Schematic representation of pBH100-1 from E. coli BH100 MG2014. The position of the main genes and features involved in mobilization of MDR in pBH100-1 are represented in the illustration generated in BRIG. The orange and purple bars represent genes involved in the conjugation and replication process, respectively. Antibiotic resistance genes are represented in dark green bars. The IS elements and other transposases, predicted by the ISfinder tool, are indicated by bars in light green (IS21), black (IS3), blue (IS4), yellow (Tn3), and red (Tn21).

Figure 4

Schematic representation of pAp from E. coli BH100 MG2014. The position and orientation of all CDS of pAp annotated in RAST Server are represented in purple arrows.

Figure 5

Distribution of IS elements in pApR from E. coli BH100 MG2017. An alignment (70–100% identity) between pApR sequence (BH100 MG2017) and the plasmids pAp (BH100 MG2014) and pBH100-1 (BH100 MG2014), performed in BRIG. is represented by the rings in emerald green and blue colors. The IS elements and other transposases, predicted by the ISfinder tool, are indicated by arrows in green (IS21), black (IS3), blue (IS4), yellow (IS110), purple (Tn3), and red (Tn21). GC content is represented by the inner ring in black.

Figure 6

Distribution of IS elements and GEI on E. coli 536. An alignment (70–100% identity) between the genomic sequences of E. coli 536 and the strains BH100 MG2014 and K12, performed in BRIG, is represented by the rings in light blue and green colors. GEI identified via IslandViewer4 in E. coli 536 are indicated by the gray bars.

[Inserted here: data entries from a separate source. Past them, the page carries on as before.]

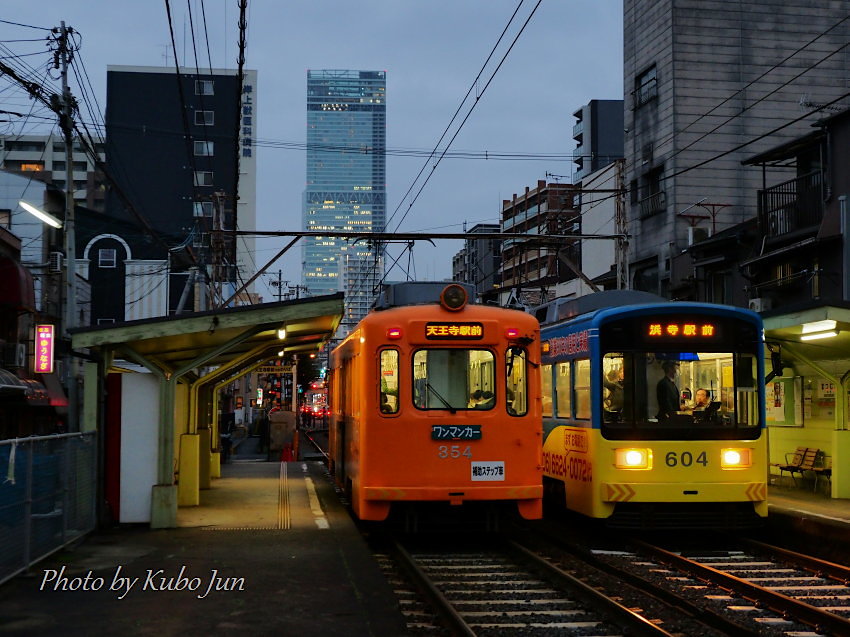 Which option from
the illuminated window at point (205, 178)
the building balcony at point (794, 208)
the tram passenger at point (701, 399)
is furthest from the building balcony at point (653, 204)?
the illuminated window at point (205, 178)

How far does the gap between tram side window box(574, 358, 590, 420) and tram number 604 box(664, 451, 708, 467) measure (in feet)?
3.62

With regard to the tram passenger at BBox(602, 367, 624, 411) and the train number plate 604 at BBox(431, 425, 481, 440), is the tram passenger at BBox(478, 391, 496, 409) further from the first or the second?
the tram passenger at BBox(602, 367, 624, 411)

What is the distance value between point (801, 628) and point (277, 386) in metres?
72.7

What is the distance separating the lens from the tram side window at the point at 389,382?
12.1 m

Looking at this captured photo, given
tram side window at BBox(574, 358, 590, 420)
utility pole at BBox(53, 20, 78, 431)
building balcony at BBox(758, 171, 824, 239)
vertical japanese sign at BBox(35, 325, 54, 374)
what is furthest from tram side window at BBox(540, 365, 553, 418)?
vertical japanese sign at BBox(35, 325, 54, 374)

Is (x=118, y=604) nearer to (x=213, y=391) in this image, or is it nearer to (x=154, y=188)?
(x=213, y=391)

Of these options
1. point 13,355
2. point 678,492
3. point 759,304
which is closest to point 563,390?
point 678,492

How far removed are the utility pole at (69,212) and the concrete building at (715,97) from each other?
1876 centimetres

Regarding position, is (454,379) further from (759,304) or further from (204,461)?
(759,304)

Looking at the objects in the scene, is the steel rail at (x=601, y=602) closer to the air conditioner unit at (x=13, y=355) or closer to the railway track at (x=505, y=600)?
the railway track at (x=505, y=600)

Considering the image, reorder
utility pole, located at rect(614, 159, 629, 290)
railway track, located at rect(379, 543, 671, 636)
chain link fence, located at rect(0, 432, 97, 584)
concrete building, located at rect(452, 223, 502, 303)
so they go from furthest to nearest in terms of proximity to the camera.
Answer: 1. concrete building, located at rect(452, 223, 502, 303)
2. utility pole, located at rect(614, 159, 629, 290)
3. chain link fence, located at rect(0, 432, 97, 584)
4. railway track, located at rect(379, 543, 671, 636)

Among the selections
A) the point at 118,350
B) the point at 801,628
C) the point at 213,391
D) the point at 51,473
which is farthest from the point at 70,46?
the point at 801,628

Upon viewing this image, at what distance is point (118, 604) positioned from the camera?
8.02 m

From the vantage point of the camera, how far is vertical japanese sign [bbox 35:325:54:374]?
85.5 feet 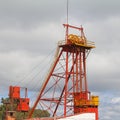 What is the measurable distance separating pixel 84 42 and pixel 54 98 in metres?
14.3

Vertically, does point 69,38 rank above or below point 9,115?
above

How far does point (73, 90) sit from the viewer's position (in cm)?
9431

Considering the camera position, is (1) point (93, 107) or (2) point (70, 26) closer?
(1) point (93, 107)

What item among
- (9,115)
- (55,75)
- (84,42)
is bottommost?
(9,115)

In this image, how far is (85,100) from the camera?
92.6 m

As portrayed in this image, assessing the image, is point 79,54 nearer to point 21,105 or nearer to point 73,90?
point 73,90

The IS elements, predicted by the ISfinder tool, are indicated by arrows in green (IS21), blue (IS4), and orange (IS110). GC content is represented by the inner ring in black.

Figure 7

Phylogenomic tree of E. coli BH100 and GenBank sequences inferred by PATRIC. The uppercase letters (A, B1, B2, C, D, E, and F) in the right corner indicate E. coli phylogroups. The bootstrap values ranged from 92 to 100%.